Não é exatamente tudo o que acontece na economia global que você sente. Os efeitos de outros países dependem da relação deles com o Brasil. Quanto mais próxima é essa relação, maiores são os impactos.
Os Estados Unidos e a China, por exemplo, são os principais parceiros comerciais do Brasil. Em 2021, mais de 11% do que foi produzido por aqui foi vendido para os Estados Unidos e quase um terço foi para a China. O Brasil também compra muito deles: quase 40% dos produtos importados vieram desses dois países.
Ou seja: quando os ponteiros se movem nos Estados Unidos e na China, as chances de você sentir essa onda são bem altas. E esses ponteiros não têm dado sossego em 2022.
Por que China e Estados Unidos preocupam o Brasil?
Porque a economia desses dois países não está tão forte em 2022. A economia chinesa, por exemplo, cresceu apenas 0,4% no segundo trimestre deste ano – esse foi o pior desempenho do país desde 1992. Já o PIB dos Estados Unidos teve uma queda de 0,6%, depois de já ter tido um recuo de 1,6% no primeiro trimestre.
Uma economia mais fraca tem menos dinheiro para gastar. Quando seu orçamento está apertado, você faz alguns ajustes para pagar as contas e comprar o que precisa, certo? Com os países não é muito diferente: com pouco dinheiro em caixa, eles priorizam as contas e as compras, e negociam preços melhores no mercado internacional.
Nesse cenário, a China e os Estados Unidos podem diminuir as compras que fazem do Brasil. Como os dois países são os principais parceiros comerciais do país, qualquer perspectiva negativa lá pode resultar em menos dinheiro no caixa por aqui.
O que pode acontecer no Brasil se a economia global subir ou cair?
Segundo José Castro, os efeitos de um crescimento ou aceleração da economia global no Brasil vão além dos preços que você vê no supermercado.
“Se há um crescimento global, isso significa que os países vão consumir mais produtos e serviços, e o Brasil acaba aumentando as suas exportações, principalmente de commodities agrícolas, metais e petróleo. Ou seja, o país vende mais, as empresas aumentam seus faturamentos, geram mais empregos e aumenta a renda do trabalhador. O governo também arrecada mais impostos. Por outro lado, se entrarmos em uma desaceleração global, podemos ter o efeito contrário”, explica.

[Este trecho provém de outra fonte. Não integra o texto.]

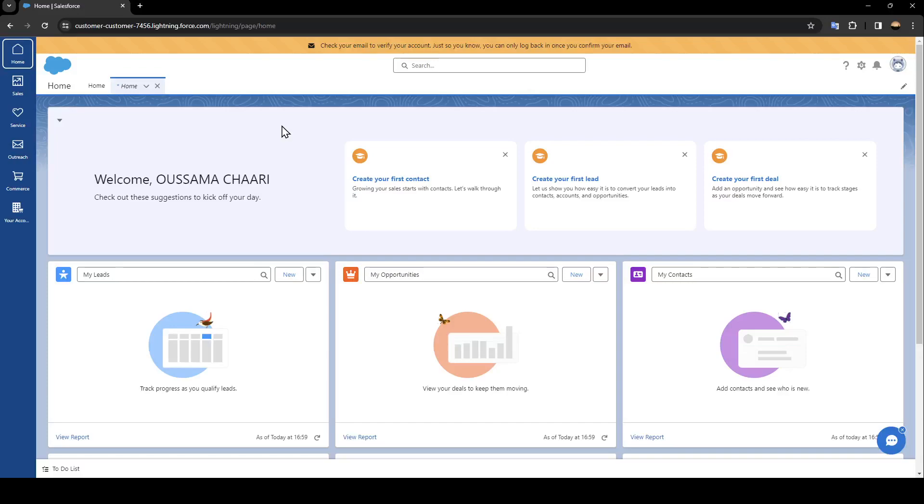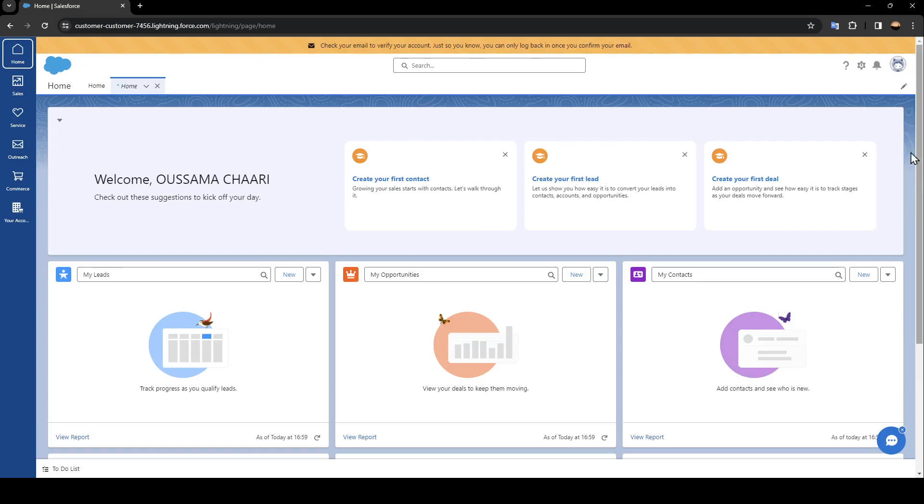Hello everyone and welcome back to a new video. In this video I'm going to show you guys how to use Salesforce for sales. So if you guys want to learn how to do it, just follow the steps that I'm going to show you. As you can see, I'm right now in Salesforce and this is how the home page looks like.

Ainda que China e Estados Unidos não tivessem uma participação alta nas importações e exportações, o Brasil continuaria sentindo os efeitos da desaceleração desses países. É que economias fortes afetam todas as outras. E Estados Unidos e China são as duas maiores economias do mundo. Tudo o que acontece lá, cria uma onda que chega em todos os lugares.
É só o comércio internacional que entra nessa conta?
Não. A oferta e a demanda de produtos no mercado global é reflexo do que está acontecendo em cada lugar. Um exemplo prático e recente é o da guerra na Ucrânia. O país é o quarto exportador de grãos do mundo.
Quando ele foi invadido pela Rússia, em fevereiro de 2022, demorou pouco tempo para que o mundo sentisse falta desses grãos no mercado. Os preços subiram e contribuíram para a alta da inflação em vários países, inclusive o Brasil.
Mas não é preciso uma guerra para afetar a produção ou a capacidade de compra de um país. O clima e as mudanças de regras internas também contribuem. Uma seca muito forte, por exemplo, pode reduzir a produção de alguma commodity. Mudanças nas contas públicas ou numa regra interna importante podem impactar a capacidade de um país de importar bens.
Taxa de juros dos países é o indicador mais importante
O nível de juros também influencia. Uma taxa alta deixa empréstimos mais caros. Fica mais difícil para as empresas contratarem linhas de financiamento para comprar materiais e insumos no mercado global, ou mesmo para aumentar a produção, como explica José Castro.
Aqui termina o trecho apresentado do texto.